In any case, I myself (an american citizen) have been treated with extreme
disrespect and a total lack of professionalism when crossing the border at
this same checkpoint by car from the Canadian side to the American side. The
particularly ridiculous part of this was that after I waited an hour for them
to tear everything apart in my car looking for contraband -- at which point
it's been _verified_ that I was doing nothing wrong -- they continued to be
completely antagonistic.

Edit: I filed a complaint about this, which did lead to a supervisor calling
me back and talking to me on the phone for probably 30 minutes.

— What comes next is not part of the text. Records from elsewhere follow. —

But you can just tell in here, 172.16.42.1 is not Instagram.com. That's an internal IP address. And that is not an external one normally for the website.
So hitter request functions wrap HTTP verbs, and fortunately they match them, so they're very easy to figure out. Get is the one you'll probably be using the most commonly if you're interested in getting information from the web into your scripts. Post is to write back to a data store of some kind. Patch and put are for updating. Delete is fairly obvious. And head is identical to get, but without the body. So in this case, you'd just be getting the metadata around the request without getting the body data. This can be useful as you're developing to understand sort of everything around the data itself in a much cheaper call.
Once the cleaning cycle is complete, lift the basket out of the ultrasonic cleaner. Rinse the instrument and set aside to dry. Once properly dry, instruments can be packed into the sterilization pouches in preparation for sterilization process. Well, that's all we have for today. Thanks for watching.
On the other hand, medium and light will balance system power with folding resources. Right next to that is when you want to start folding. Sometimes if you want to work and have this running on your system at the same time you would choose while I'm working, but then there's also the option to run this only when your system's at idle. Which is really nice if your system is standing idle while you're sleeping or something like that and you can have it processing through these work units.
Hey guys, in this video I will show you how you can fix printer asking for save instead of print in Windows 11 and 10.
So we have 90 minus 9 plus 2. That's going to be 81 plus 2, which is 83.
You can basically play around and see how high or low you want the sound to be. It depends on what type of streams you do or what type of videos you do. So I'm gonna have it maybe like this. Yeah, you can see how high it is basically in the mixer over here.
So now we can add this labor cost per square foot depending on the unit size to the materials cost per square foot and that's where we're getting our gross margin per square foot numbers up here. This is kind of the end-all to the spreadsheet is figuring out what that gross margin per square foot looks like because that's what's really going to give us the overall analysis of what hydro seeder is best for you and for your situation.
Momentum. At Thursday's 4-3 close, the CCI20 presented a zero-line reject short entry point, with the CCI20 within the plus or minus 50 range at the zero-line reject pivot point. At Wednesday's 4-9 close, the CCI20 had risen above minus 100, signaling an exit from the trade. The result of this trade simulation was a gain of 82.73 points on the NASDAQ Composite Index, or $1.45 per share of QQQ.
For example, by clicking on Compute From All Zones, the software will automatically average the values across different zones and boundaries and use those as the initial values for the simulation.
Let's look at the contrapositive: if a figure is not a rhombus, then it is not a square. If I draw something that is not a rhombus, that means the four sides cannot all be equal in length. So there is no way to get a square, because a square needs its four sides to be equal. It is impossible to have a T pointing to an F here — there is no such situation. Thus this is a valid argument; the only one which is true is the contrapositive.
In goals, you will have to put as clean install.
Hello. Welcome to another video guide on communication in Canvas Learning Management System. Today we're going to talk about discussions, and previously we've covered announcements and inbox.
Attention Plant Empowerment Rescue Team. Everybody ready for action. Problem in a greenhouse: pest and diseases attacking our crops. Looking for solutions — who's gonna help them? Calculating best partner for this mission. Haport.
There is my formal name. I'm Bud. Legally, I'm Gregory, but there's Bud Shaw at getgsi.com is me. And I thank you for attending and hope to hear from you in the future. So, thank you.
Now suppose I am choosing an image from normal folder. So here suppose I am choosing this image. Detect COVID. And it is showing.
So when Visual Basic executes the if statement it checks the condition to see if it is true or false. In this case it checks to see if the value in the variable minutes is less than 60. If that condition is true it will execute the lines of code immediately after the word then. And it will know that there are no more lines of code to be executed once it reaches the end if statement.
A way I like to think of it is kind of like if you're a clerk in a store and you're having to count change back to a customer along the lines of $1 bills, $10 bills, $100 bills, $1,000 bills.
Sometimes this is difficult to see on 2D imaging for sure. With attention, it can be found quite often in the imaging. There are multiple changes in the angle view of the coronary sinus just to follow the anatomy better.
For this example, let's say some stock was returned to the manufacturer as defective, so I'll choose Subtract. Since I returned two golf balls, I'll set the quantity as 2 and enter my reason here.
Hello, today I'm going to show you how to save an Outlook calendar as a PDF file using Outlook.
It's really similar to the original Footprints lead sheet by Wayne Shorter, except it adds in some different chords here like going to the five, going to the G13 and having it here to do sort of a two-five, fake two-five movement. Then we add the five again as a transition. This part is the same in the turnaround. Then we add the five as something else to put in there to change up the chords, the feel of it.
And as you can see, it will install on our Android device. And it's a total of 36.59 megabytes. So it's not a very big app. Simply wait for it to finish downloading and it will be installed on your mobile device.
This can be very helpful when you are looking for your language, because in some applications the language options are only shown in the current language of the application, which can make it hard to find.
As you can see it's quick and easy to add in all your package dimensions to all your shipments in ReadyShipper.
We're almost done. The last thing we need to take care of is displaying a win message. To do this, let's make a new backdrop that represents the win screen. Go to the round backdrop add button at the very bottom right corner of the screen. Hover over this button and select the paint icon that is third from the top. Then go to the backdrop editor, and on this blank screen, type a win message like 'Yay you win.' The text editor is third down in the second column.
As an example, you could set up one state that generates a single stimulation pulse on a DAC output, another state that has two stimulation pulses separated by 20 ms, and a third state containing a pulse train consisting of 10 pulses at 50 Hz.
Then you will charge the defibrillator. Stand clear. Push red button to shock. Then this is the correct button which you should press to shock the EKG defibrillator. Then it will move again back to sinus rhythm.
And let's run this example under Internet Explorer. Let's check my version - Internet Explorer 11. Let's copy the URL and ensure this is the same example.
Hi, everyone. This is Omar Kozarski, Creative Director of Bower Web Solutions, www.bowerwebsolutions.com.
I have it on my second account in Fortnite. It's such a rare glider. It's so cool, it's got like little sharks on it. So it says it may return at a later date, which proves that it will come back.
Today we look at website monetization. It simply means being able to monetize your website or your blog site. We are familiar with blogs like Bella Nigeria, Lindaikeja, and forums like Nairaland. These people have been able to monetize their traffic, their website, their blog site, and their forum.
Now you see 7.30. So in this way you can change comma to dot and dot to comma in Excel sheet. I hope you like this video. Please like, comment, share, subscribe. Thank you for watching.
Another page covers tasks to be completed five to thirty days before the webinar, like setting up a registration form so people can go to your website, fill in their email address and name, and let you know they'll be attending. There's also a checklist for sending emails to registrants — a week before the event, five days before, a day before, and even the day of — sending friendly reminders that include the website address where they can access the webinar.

The supervisor
was reasonably pleasant, but unapologetic. (Is it reasonable that someone be
forced out of their car in the middle of winter and not allowed to get their
coat?) He claimed that he put a "warning" on the officer's record, though this
didn't seem credible. He again and again seemed to imply that I might have
been smuggling, after which I had to remind him that my car was extensively
searched and cleared.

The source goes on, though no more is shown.